RJK: Obviously I can’t tell you everything, but in years past, it became a joke that it was just random. We realized that this joke was actually harming Datamatch and people didn’t take it seriously. This year, we really worked to make it so that the algorithm compares and contrasts people. We reached out to Professor Steven Pinker to learn about the psychology of affection and the way people communicate and match up with each other. I hope people trust that it’s really something that takes into account how you fill out the survey.
Flyby: Have you heard of personal success stories from Datamatch?
RJK: Yes! One of my blockmates got his current girlfriend as a match last year. Seeing their relationship develop, Datamatch probably wasn’t the obvious cause, but maybe Datamatch knew something about each other that they didn’t.
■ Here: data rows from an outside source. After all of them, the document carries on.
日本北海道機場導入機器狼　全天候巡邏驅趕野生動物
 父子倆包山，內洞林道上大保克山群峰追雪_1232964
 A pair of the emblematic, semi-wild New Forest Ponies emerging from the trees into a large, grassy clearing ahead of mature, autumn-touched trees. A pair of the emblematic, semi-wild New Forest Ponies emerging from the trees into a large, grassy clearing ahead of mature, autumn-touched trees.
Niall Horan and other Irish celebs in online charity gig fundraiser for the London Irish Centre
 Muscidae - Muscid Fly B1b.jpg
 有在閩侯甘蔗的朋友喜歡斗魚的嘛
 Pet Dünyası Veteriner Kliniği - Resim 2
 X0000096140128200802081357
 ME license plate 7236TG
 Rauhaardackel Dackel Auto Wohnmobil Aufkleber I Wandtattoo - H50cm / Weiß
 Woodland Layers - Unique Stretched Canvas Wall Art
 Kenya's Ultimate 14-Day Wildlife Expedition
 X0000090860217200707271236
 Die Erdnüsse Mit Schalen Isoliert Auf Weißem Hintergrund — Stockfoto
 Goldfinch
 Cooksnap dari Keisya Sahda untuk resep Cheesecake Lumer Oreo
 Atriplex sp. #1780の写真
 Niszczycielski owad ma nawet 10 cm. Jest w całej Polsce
Our hashtag is #trustthesystem.
Flyby: Does the Datamatch team also participate in Datamatch?
RJK: Of course. Look out for me, I will click the waffle button for everyone that gets matched with me.
Flyby: Have you read our Flyby Datamatch series?
RJK: Yes, I love it. It really shows how easy it is to meet up with people through Datamatch. I only hope that everyone on Flyby gets waffle button-ed back.
Flyby: So can you rig the system for us to get the best dates, obviously only for high-quality journalism purposes?
RJK: My on-the-record response is, I’m sure the people of Flyby are so great that you’ll get great matches. (Thanks for the compliment, Raynor, but does that mean you’re rigging the system or not for us?)
Flyby: Any tips for those filling out the Datamatch survey?
RJK: [When choosing answers], pick the one that first catches your eye–it’s the one you should pick, don’t really debate over whether it’s the “right” one or not. Also, fill out our new profile feature. Put a picture. Add a description. It’s nothing too probing and it creates a sense of humor. Don’t use the private setting so that friends can find you in the search bar. The hope in the search function is that you can find your compatibility with people you want to be matched with even if you don’t end up getting them.
Flyby: Any last words you want to tell people about Datamatch?
RJK: Around 2,300 people have signed up so far already, so be a part of the number and give into FOMO. The more people that do it, the more fun it is.